Hemophilia B is caused by the lack or dysfunction of clotting factor IX, known as FIX, a protein that normally helps the blood to clot. The lack of functional FIX puts people with this type of the blood disease at a high risk of experiencing symptoms such as excessive and prolonged bleeding.

Standard treatment for hemophilia B involves factor replacement therapy, where a functional version of FIX is infused into the bloodstream to help normalize clotting. These therapies generally require regular infusions, however, and aren’t 100% effective at preventing bleeds.

Mark Reding, MD, director of the Center for Bleeding and Clotting Disorders at the University of Minnesota, noted that, “despite recent advancements, many people living with hemophilia B require frequent infusions of FIX and continue to experience regular bleeding events that can lead to long-term consequences such as chronic pain and irreversible joint damage.”

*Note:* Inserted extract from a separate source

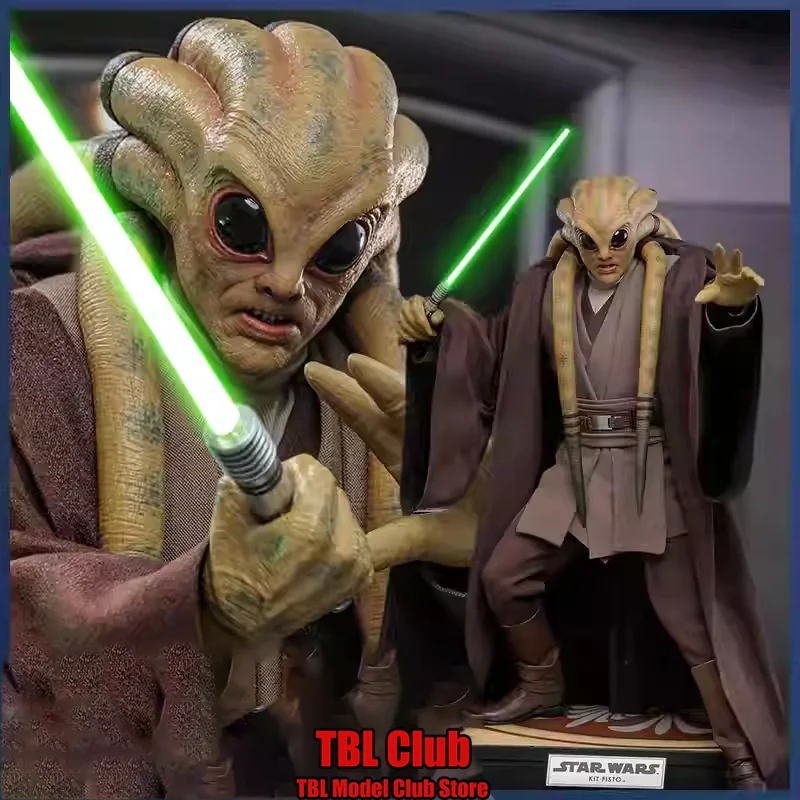 

In Stock HOTTOYS MMS751 1/6 Scale Star Wars Kit·Fisto Shii-Cho Swordsmanship 12-inch Full Set Action Figure Male Soldier Toys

Trial first testing 3 potential dosages of BE-101

BE-101 was designed to change the way hemophilia B is treated.

The therapy entails collecting a patient’s own B-cells — a type of immune cell normally responsible for producing antibodies — and engineering them in a way that they will be able to produce functional FIX.

Before being infused back into the patient, the modified B-cells are differentiated into plasma cells, which are specialized B-cells that can produce large amounts of antibodies within a short period of time. The general idea is to have the modified cells act as factories to produce FIX, reducing the need for factor replacement therapy infusions.

BE-101 has the potential to be an important new therapeutic option in hemophilia B by delivering sustained FIX levels and durable bleed protection, without the need for preconditioning, filling a significant unmet need.

Often, cell therapies require preconditioning — where medications like chemotherapy agents are used to destroy existing cells in the patient’s body to make room for the therapeutic cells. However, BE-101 is designed not to require these types of preparatory treatments, which often carry notable side effects.

According to Reding, “BE-101 has the potential to be an important new therapeutic option in hemophilia B by delivering sustained FIX levels and durable bleed protection, without the need for preconditioning, filling a significant unmet need.”

The experimental treatment is being tested in BeCoMe-9, a two-part trial. The Phase 1 part of the study is assessing three different doses of BE-101. The goal is to identify the dose required to achieve the desired FIX activity 28 days after infusion. The selected dose will then be further tested in the Phase 2 part of the trial.

The main goal of this first-in-human study is to evaluate the safety of BE-101. Patients will be monitored for safety and clinical activity for 52 weeks, or about one year, following dosing.